Japanese author pha's thoughts on marriage and family

Here are some candid thoughts from Japanese author pha on marriage and family. First, the original Japanese taken from pha's blog followed by my unofficial translation.

家族はシェアハウスの一種に過ぎない。子どもを作ることを絶対視しすぎるのは息苦しい。家族とか結婚を絶対視して苦しむ必要はない。人間が生きる道は他にもたくさんある。

でも、家族とか結婚とかはやっぱり便利で強力なシステムだし社会的にも優遇されてるので、それをうまく利用できるなら利用したらいい。だめだったら逃げてもいいけど。

使えるものは何でも利用して生きのびよう。
Family is nothing more than one variety of communal living. Thinking that having kids is an absolute truth is suffocating. There’s no need to continue suffering thinking that these things like marriage and having a family are absolute. There are plenty of other paths people can take.

However, marriage and family are convenient and are a powerful system that comes with societal approval, so if you can use that to your advantage, why not? If that doesn’t pan out though it’s ok to bail.

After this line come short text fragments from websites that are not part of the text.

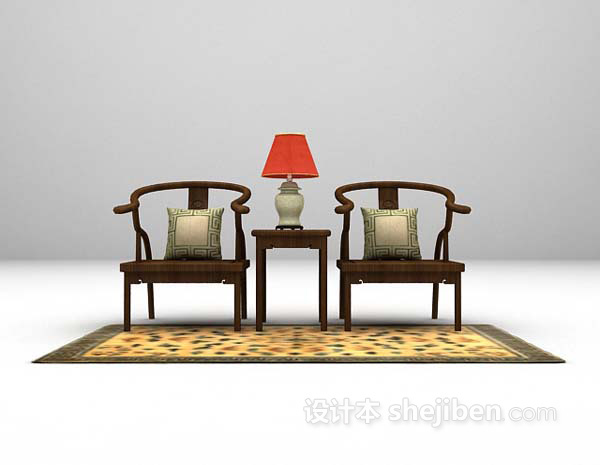 中式棕色桌椅组合免费3d模型下载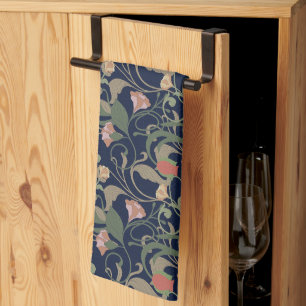 Klassiek Antiek Blauw Art Nouveau bloemmotief Theedoek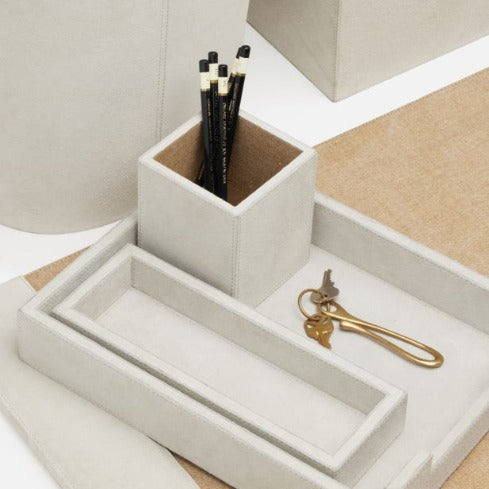 Suede Leather Desk Accessory Sets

As humans we have to make use of whatever we can to survive.

Not to say that I share the same perspectives as pha; I just thought that was interesting. Living in Japan I find that people here often think about marriage and family in ways that can be difficult to understand for Americans/Westerners, myself included. 

pha is the author of several books including 「持たない幸福論」 and 「ニートの歩き方」which I would like to read.